William Gladstone was a 19th century Liberal politician who is the only person to have been British prime minister on four separate occasions. After slavery was abolished in Britain, Gladstone campaigned for slave owners, such as his father, to be compensated. Later he called slavery the “foulest crime” in British history. His family, who are not opposing the removal of his statute in Hawarden, have said, “By 1850, he was a changed man and cited the abolition of slavery as one of the great political issues in which the masses had been right and the classes had been wrong.”

The lives of us all are a mixture of both good and bad things. Some of the things we have done are very seriously wrong, but should we be forever defined by these bad things or is it possible to really change and become a different person?

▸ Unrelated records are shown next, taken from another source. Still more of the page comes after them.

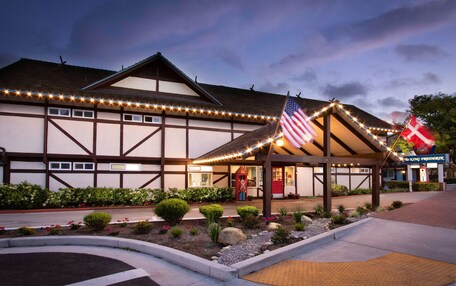 A traditional building with a covered entrance, American and Danish flags, and a sign for "The King Frederik's".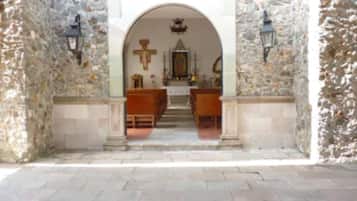 An arched entrance to a church with stone walls and wooden pews inside.
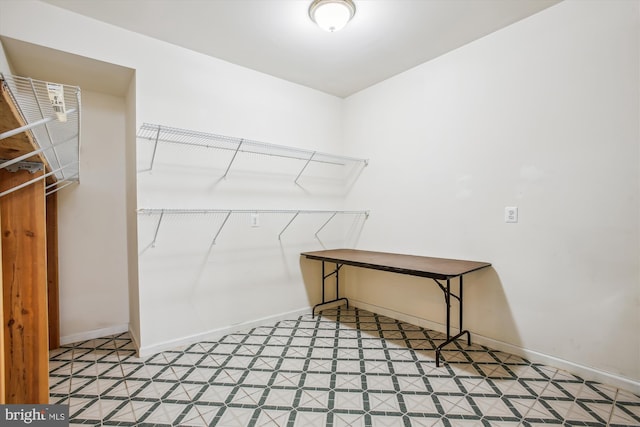 walk in closet with light floors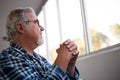 Thoughtful senior man sitting on wheelchair in retirement home Royalty Free Stock Photo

When we critically judging the actions of others, we also need to look at ourselves. Jesus warned against hypocritical judgement saying, “Do not judge, or you too will be judged. For in the same way you judge others, you will be judged, and with the measure you use, it will be measured to you. Why do you look at the speck of sawdust in your brother’s eye and pay no attention to the plank in your own eye? How can you say to your brother, ‘Let me take the speck out of your eye,’ when all the time there is a plank in your own eye? You hypocrite, first take the plank out of your own eye, and then you will see clearly to remove the speck from your brother’s eye.”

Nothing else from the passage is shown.